I have built sever AR's. I always end up going with Spikes parts. They have a very realistic price, top notch products, great customer service and my biased reason: they are Floridians. You would be ok with any of the other brands mentioned (BCM, DD, LMT, etc.) A relatively new comer in the AR game who seems to be building quite a reputation for reliability and offers great prices is Palmetto State Armory, just another one to look at. What you should really be researching is what platform to build off of, I recommend a mid-length gas system with a light-weight configuration. If you plan on carrying the rifle around for long periods of time you will want to eliminate weight where ever you can. An 11 pound AR gets old real fast.
I've always wanted a Spike's rifle. So I'll have to check them out. I honestly don't know what gas length I'd want. What's standard? I'm pretty sure there are laws here in jersey the would prevent me from getting anything considered an SBR. But yeah, that's a consideration. Thanks.

Hey Adam. I was/am in the same situation as you (kinda). I built (with the help of a knowledgeable friend) a lower a couple of years ago. I went with Doublestar Corp. as they are out of Winchester KY which is 20 min from my house. I used their lower, parts kit, 6 position buttstock, ect. I had a Doublestar rifle at the time so I was in no hurry to finish it.
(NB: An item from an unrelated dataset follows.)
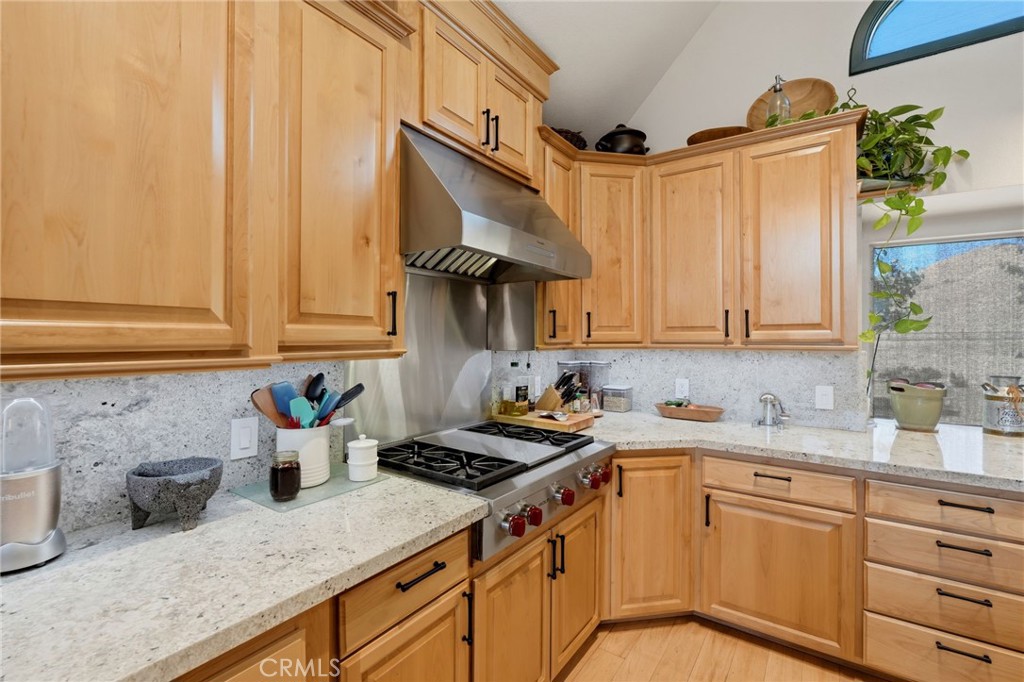 31061 Palm Property Photo 27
Here I am two years later after trading off both my AR's, wanting to finish it. After researching, I am going with PSA (Palmetto State Armory). I have only read great things about them, and their price is great for the quality it sounds to be. Plus I am going for the dissipator upper with mid length gas, which somewhat limited my options for companies.

I need to figure out exactly what rear iron sight I want and what charging handle I need. I shoot a rifle lefty so a ambi charging handle would be optimum. Any suggestions?
Another vote for PSA. Ok. I'm not to sure about an ambi charging handle. Did you ever consider a stag upper? They make dedicated lefty parts. Or maybe they can help you with a lefty handle.
 
I am a smith so pm me if you need advice. Midway USA and Brownells were my two main part suppliers. Sometimes I just go to the gunshow to see what parts I can scrounge cheep. If I was building something for a customer the first thing I do is get a exploded diagram and a parts list. I have a book from Jack First but I am sure you can google it. Even if it's a weapon you are familiar with it is always smart to be working with a list of all the tiny parts and pins.
Excellent. Thank you. I will pm you.
 
I had a left handed Stag AR but I didn't like it at all. The trigger wasn't as crisp as my doublestar, the bolt seemed gritty, it didnt function flawlessly, and it just didn't feel as good shootin' as others I've had/shot. The charging handle on it was pretty crappy IMO. I wouldn't really recommend a Stag to anyone but I know some people love 'em.
 
Hmm. Very good to know. Thanks for the input. If I could build a decent gun for under a grand, I'll be happy.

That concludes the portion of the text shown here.